MANILA, Philippines–The analyst who predicted the impact of the 1997 East Asian financial crisis on the Philippines has warned that the current bull run in the local stock market was nearing its end—but not before giving investors one final chance to make significant profits.
BPI Trade CEO Michalangelo Oyson described the current situation as the “last call of the happy hour” where Philippine equities are likely to make one major push to record highs, before embarking on a major price correction in 2016.
“I believe the fair value of the stock market [index] is 7,800,” he told clients of the Ayala-controlled financial institution in a briefing late last week. “We can reach 8,400 before we come back down.”

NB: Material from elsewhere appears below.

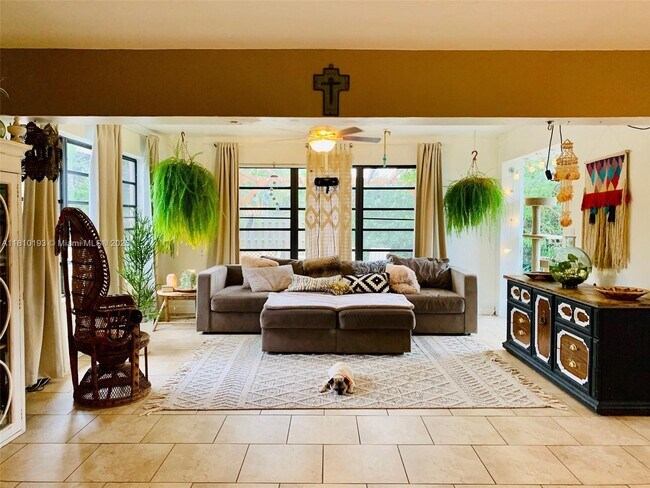 Building Photo - 9910 Bahama Dr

As of last Friday, the Philippine Stock Exchange index (PSEi) has risen to 7,728.18 points—compared to 6,011.14 exactly a year ago—on the back of a surge in liquidity from foreign funds seeking better returns in emerging markets.
The almost 30-percent year-on-year return has made the PSEi one of the best-performing stock markets in the world for 2014.
An analyst for the defunct Deutsche Morgan Grenfell securities house in 1996, Oyson predicted a sharp downturn for Philippine banks, warning that their growing exposure to the then booming real estate market would precipitate a liquidity crunch once fund flows reversed.
In the wake of that report, ranking officials of the Bangko Sentral ng Pilipinas scrambled to debunk his findings, pronouncing the local banking scene healthy and the property market robust.
Seven months later, Oyson was proven right when the financial crisis erupted in Thailand and rolled across the region.
This time around, however, Oyson said local stocks—though pricey—might still move upward due to the expected inflow of abundant liquidity from overseas, aided by continuing loose monetary policy from central banks in Europe, Japan and the United States.
“We ended 2014 with [an average] price-earnings ratio of 20 times for the PSEi,” he pointed out, referring to the metric that measures the number of years it would take for for a company’s earnings to catch up with its stock price. “At one point, we were at a peak of 22 times, while Indonesia was at 30 times. By any measure, we’re no longer cheap.”